──────── Provided data

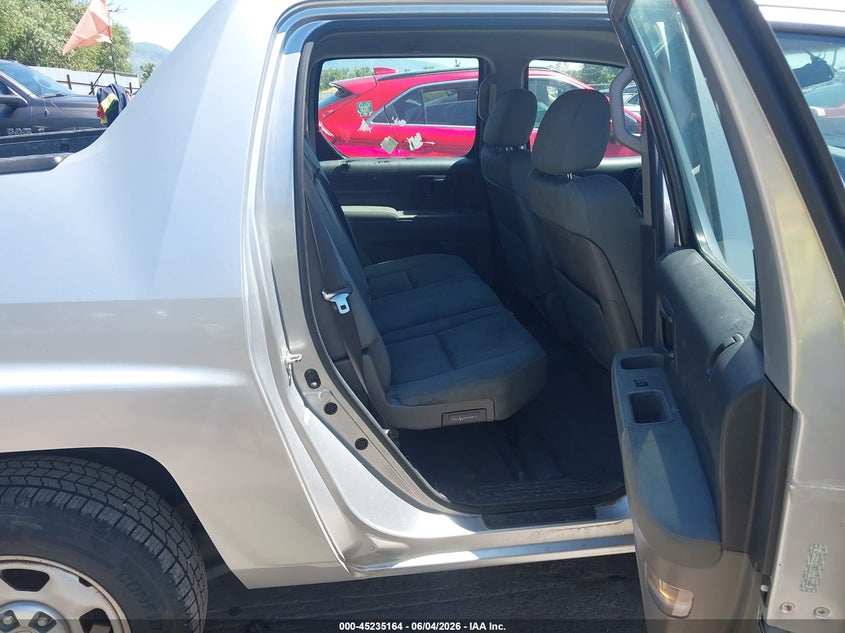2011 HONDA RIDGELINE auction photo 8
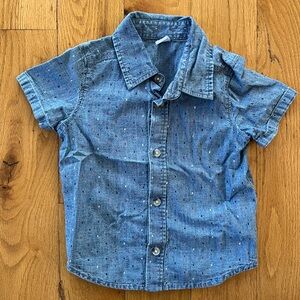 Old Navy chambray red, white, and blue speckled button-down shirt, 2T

────────────────
──────── Provided data

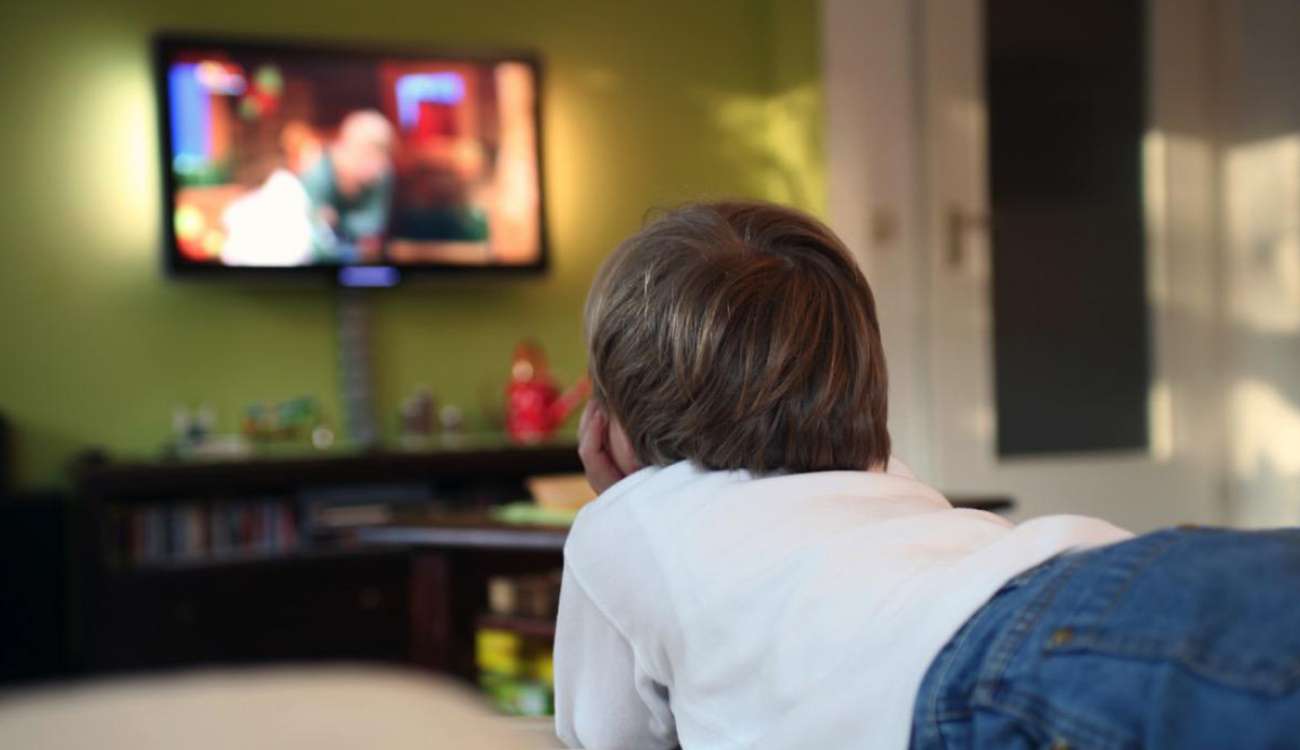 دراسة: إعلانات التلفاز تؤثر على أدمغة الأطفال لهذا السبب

────────────────

Exercise details:
Copy only what lies between the line with "2011 HONDA RIDGELINE auction photo 8" and the line with "Old Navy chambray", those two lines included, exactly as given above; pictures stay out.

Solved problem:
2011 HONDA RIDGELINE auction photo 8
 Old Navy chambray red, white, and blue speckled button-down shirt, 2T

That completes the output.